Tras instalar reinicié y no pude volver a entrar. Problemas con el servidor de fuentes del gestor de ventanas X me llevaron a navegar muchas horas por la red. Edité los archivos de configuración de las X con la esperanza de que fuese problema de que no encontraba las fuentes; instalé paquetes que recomendaban en foros y seguía sin funcionar; busqué y busqué y no hubo manera.
Así que ante mi impotencia por un error que no podía solucionar (supongo que dentro de unos meses o años me ría de mi torpeza actual) decidí intentar, de nuevo, instalar la dichosa 7.10 Gutsy Gibbon, que parecía ser que era la que menos problemas me daría.
Así que tras todo esto metí el CD en el lector y reinicié.
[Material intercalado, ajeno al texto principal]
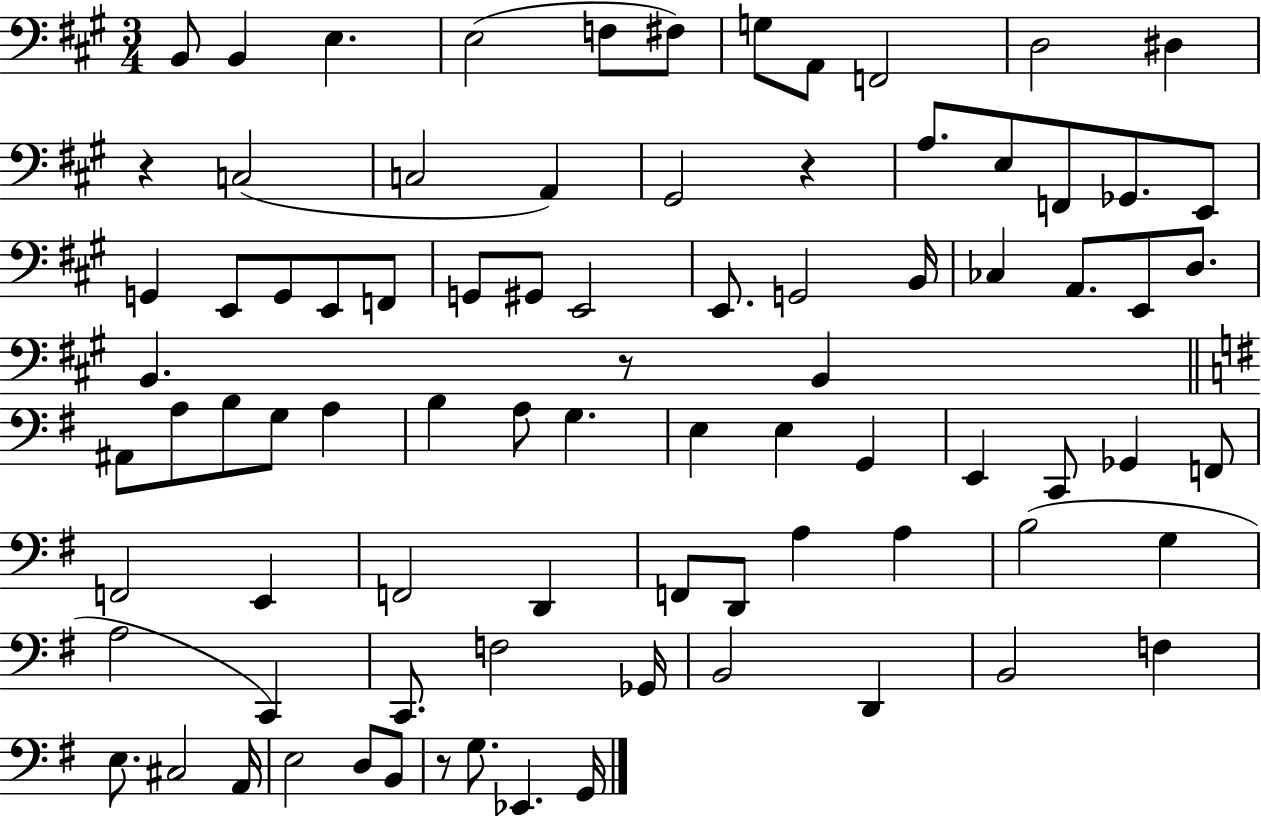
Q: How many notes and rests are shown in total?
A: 84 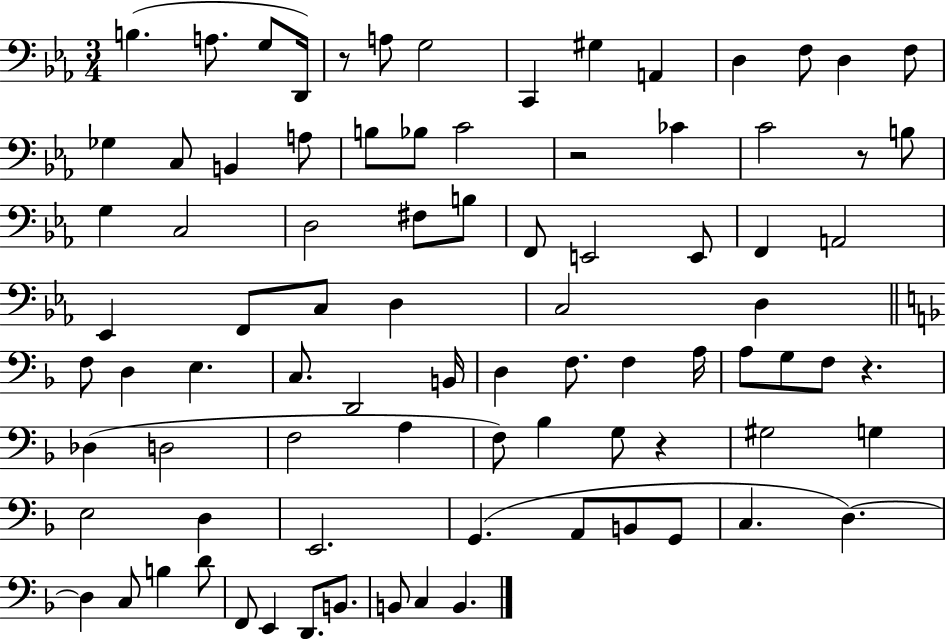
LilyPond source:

{
  \clef bass
  \numericTimeSignature
  \time 3/4
  \key ees \major
  \repeat volta 2 { b4.( a8. g8 d,16) | r8 a8 g2 | c,4 gis4 a,4 | d4 f8 d4 f8 | \break ges4 c8 b,4 a8 | b8 bes8 c'2 | r2 ces'4 | c'2 r8 b8 | \break g4 c2 | d2 fis8 b8 | f,8 e,2 e,8 | f,4 a,2 | \break ees,4 f,8 c8 d4 | c2 d4 | \bar "||" \break \key f \major f8 d4 e4. | c8. d,2 b,16 | d4 f8. f4 a16 | a8 g8 f8 r4. | \break des4( d2 | f2 a4 | f8) bes4 g8 r4 | gis2 g4 | \break e2 d4 | e,2. | g,4.( a,8 b,8 g,8 | c4. d4.~~) | \break d4 c8 b4 d'8 | f,8 e,4 d,8. b,8. | b,8 c4 b,4. | } \bar "|."
}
Entré a la sesión Live y el ratón y el teclado se quedaban inactivos, como ya dije en otra entrada. Vuelta a googlear, vuelta a navegar por foros y vuelta a la desesperación. A las preguntas formuladas sobre el cuelgue de los periféricos no había más respuestas que las relacionadas con congelamientos por problemas de tarjeta gráfica. Pero a mi me ocurría nada más empezar a cargar la sesión, por tanto no respondía a mis síntomas.
Tras unos cuantos vínculos pinchados de foro en foro acabé llegando a uno donde se decía algo de que la 7.10 no aceptaba que la BIOS tuviese los periféricos puestos a USB. Y ese era el problema, entré a la BIOS, desactive la opción de detección de los periféricos por USB (lo cual no implica que mi teclado y ratón hayan dejado de funcionar) y todo perfecto.
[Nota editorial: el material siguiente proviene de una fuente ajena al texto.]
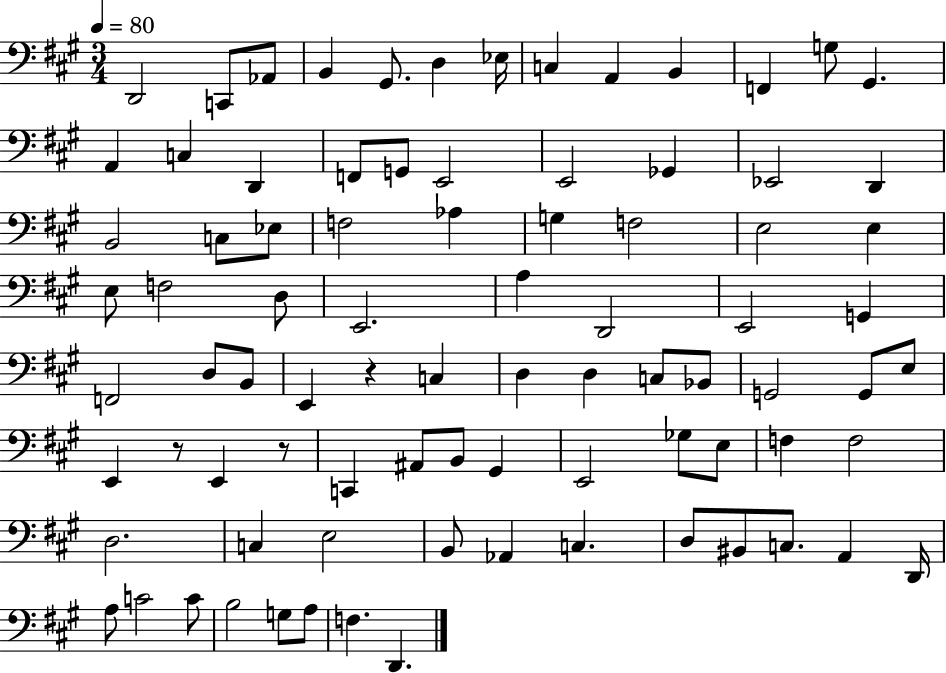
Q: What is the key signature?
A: A major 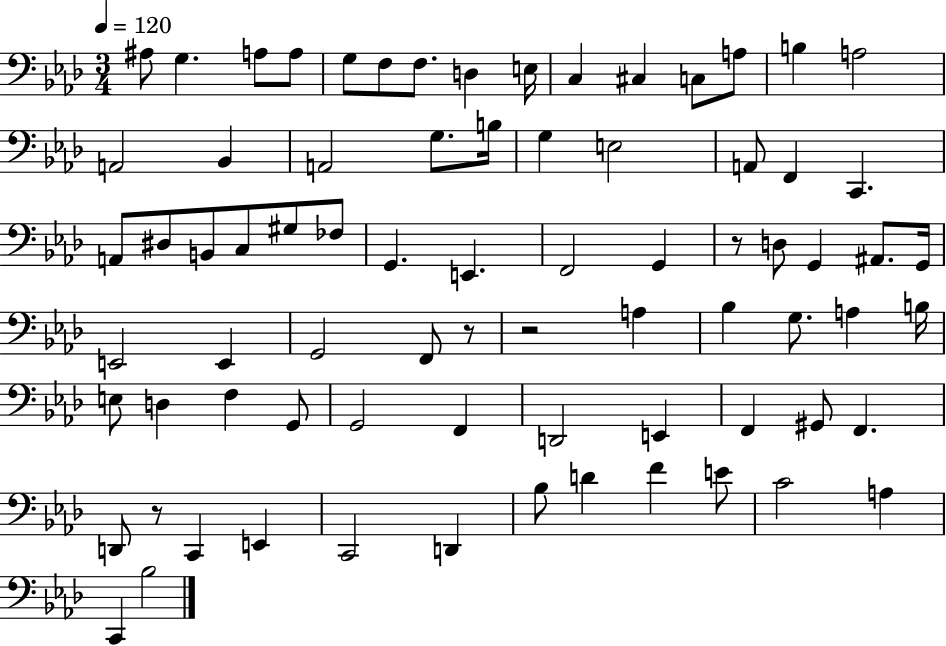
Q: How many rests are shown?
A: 4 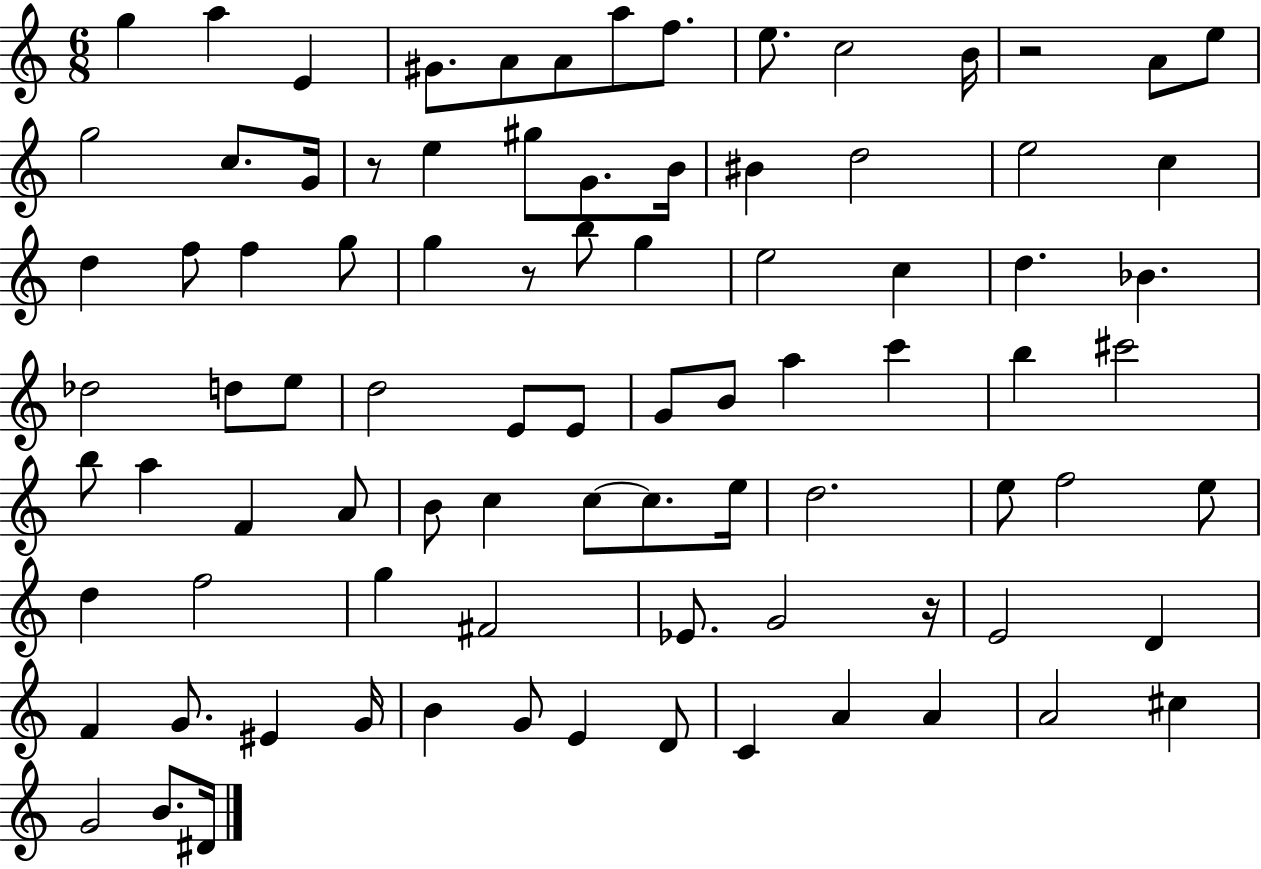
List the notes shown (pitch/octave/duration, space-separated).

G5/q A5/q E4/q G#4/e. A4/e A4/e A5/e F5/e. E5/e. C5/h B4/s R/h A4/e E5/e G5/h C5/e. G4/s R/e E5/q G#5/e G4/e. B4/s BIS4/q D5/h E5/h C5/q D5/q F5/e F5/q G5/e G5/q R/e B5/e G5/q E5/h C5/q D5/q. Bb4/q. Db5/h D5/e E5/e D5/h E4/e E4/e G4/e B4/e A5/q C6/q B5/q C#6/h B5/e A5/q F4/q A4/e B4/e C5/q C5/e C5/e. E5/s D5/h. E5/e F5/h E5/e D5/q F5/h G5/q F#4/h Eb4/e. G4/h R/s E4/h D4/q F4/q G4/e. EIS4/q G4/s B4/q G4/e E4/q D4/e C4/q A4/q A4/q A4/h C#5/q G4/h B4/e. D#4/s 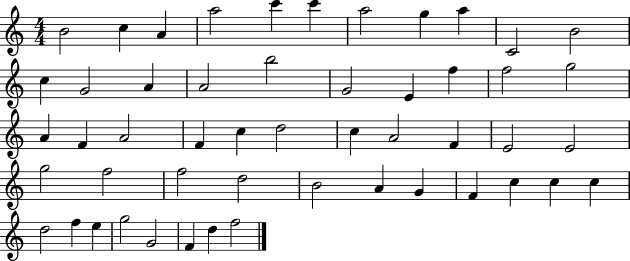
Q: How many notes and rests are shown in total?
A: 51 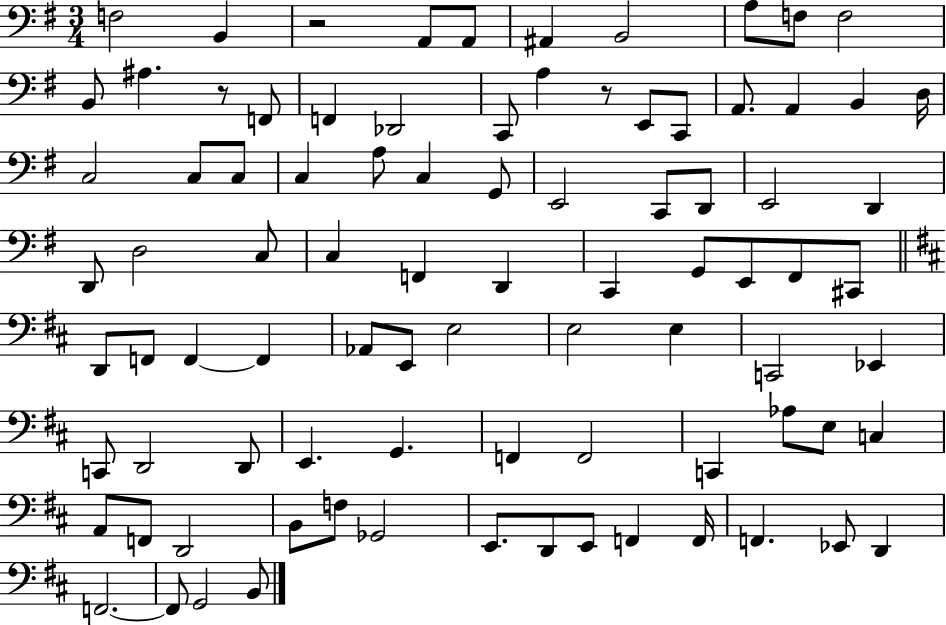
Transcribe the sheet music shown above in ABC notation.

X:1
T:Untitled
M:3/4
L:1/4
K:G
F,2 B,, z2 A,,/2 A,,/2 ^A,, B,,2 A,/2 F,/2 F,2 B,,/2 ^A, z/2 F,,/2 F,, _D,,2 C,,/2 A, z/2 E,,/2 C,,/2 A,,/2 A,, B,, D,/4 C,2 C,/2 C,/2 C, A,/2 C, G,,/2 E,,2 C,,/2 D,,/2 E,,2 D,, D,,/2 D,2 C,/2 C, F,, D,, C,, G,,/2 E,,/2 ^F,,/2 ^C,,/2 D,,/2 F,,/2 F,, F,, _A,,/2 E,,/2 E,2 E,2 E, C,,2 _E,, C,,/2 D,,2 D,,/2 E,, G,, F,, F,,2 C,, _A,/2 E,/2 C, A,,/2 F,,/2 D,,2 B,,/2 F,/2 _G,,2 E,,/2 D,,/2 E,,/2 F,, F,,/4 F,, _E,,/2 D,, F,,2 F,,/2 G,,2 B,,/2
Entró a la sesión, instale el sistema operativo y... no puedo instalar el módem. Estoy teniendo varios problemas con las cabeceras y los fuentes del kernel de Linux que no acierto a arreglar por más que he hecho y rehecho todo lo que he visto y leído. Así que tendré que seguir intentándolo, esta vez no hay rendición posible.
Por cierto, recordemos que todo esto ha venido derivado por las particiones NTFS. Ubuntu 7.10 tiene soporte nativo de automontaje de particiones NTFS con escritura ;)
Espero que la próxima vez escriba desde Linux. Saludos.